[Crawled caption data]
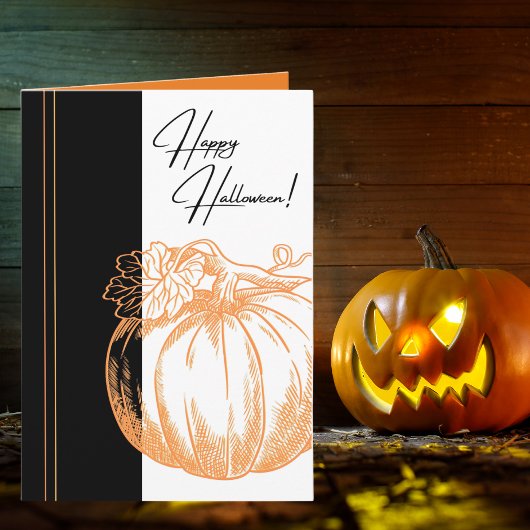 Carte d'Halloween Citrouille Artsy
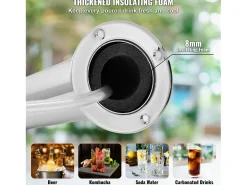 Acessório Vinho E Bar*Coluna de Cerveja SucceBuy, com Dois Torneiras, Inox e Fechamento Automático, para Festas e Bares Prateado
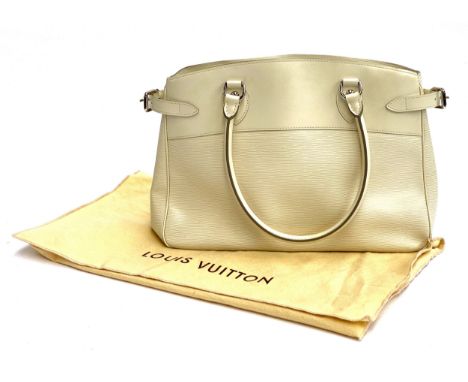 A Louis Vuitton 'Passy' handbag in white epi leather c.2007, silver tone hardware, product code SN2037, 39cm wide, with Louis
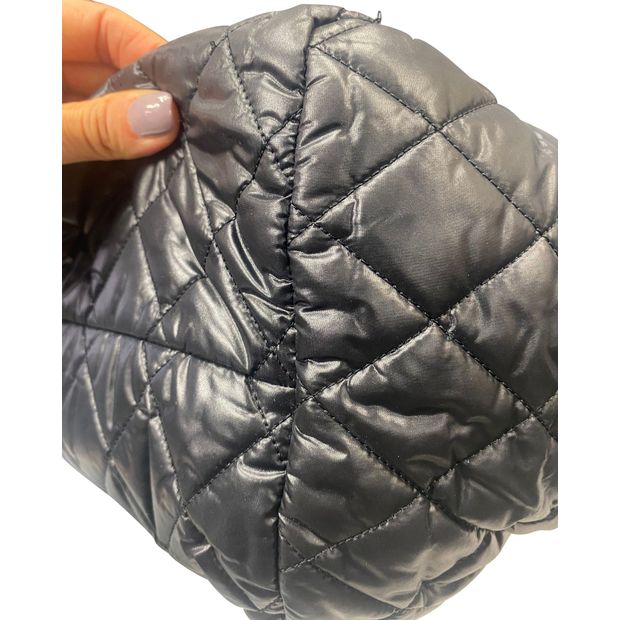 CHANEL Vintage Cocoon Bowling Bag in Black Nylon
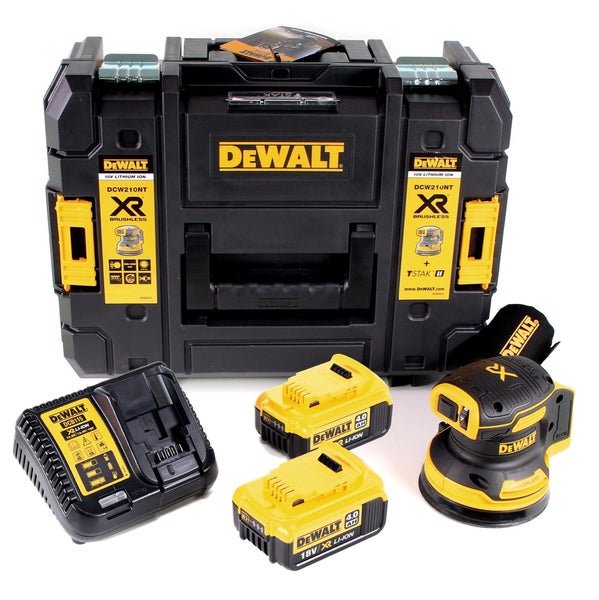 DeWalt Akku-Exzenterschleifer DCW210 mit zwei 18 Volt 4,0 Amperestunden Akkus, Ladegerät, Staubbeutel und TSTAK Koffer.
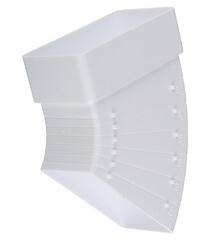 Колено горизонтальное пластиковое для плоских воздуховодов 60х120 мм разноугловое - фото 1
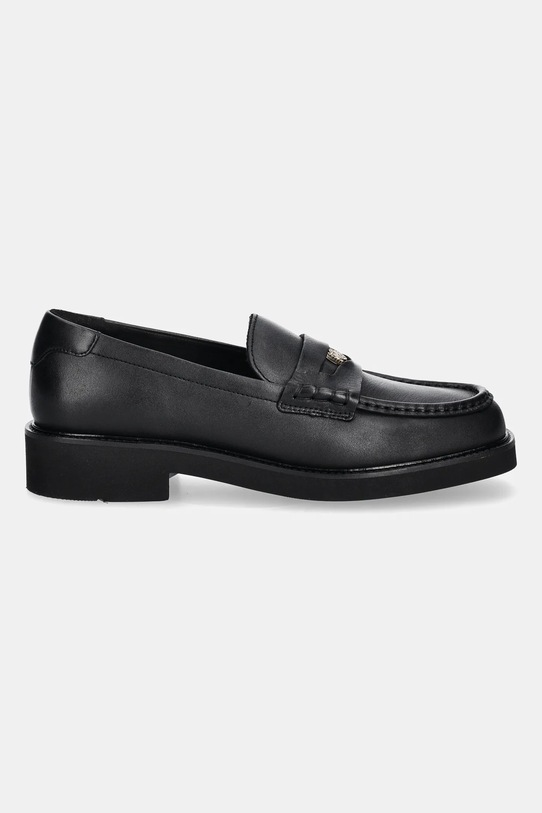 Usnjeni mokasini Tommy Hilfiger CREST SQUARISH TOE PENNY LOAFER FW0FW08633 črna AW25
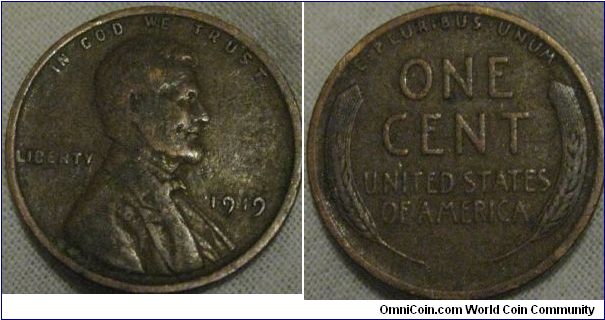Fine, 1919 1 cent, looks nice.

■ ASSIGNED TASK:
Nothing but an exact copy is needed, covering the lines from the line with "Acessório Vinho E" through the last line of the entries, pictures excluded.

■ COMPLETED TASK:
 Acessório Vinho E Bar*Coluna de Cerveja SucceBuy, com Dois Torneiras, Inox e Fechamento Automático, para Festas e Bares Prateado
 A Louis Vuitton 'Passy' handbag in white epi leather c.2007, silver tone hardware, product code SN2037, 39cm wide, with Louis
 CHANEL Vintage Cocoon Bowling Bag in Black Nylon
 DeWalt Akku-Exzenterschleifer DCW210 mit zwei 18 Volt 4,0 Amperestunden Akkus, Ladegerät, Staubbeutel und TSTAK Koffer.
 Колено горизонтальное пластиковое для плоских воздуховодов 60х120 мм разноугловое - фото 1
 Usnjeni mokasini Tommy Hilfiger CREST SQUARISH TOE PENNY LOAFER FW0FW08633 črna AW25
Fine, 1919 1 cent, looks nice.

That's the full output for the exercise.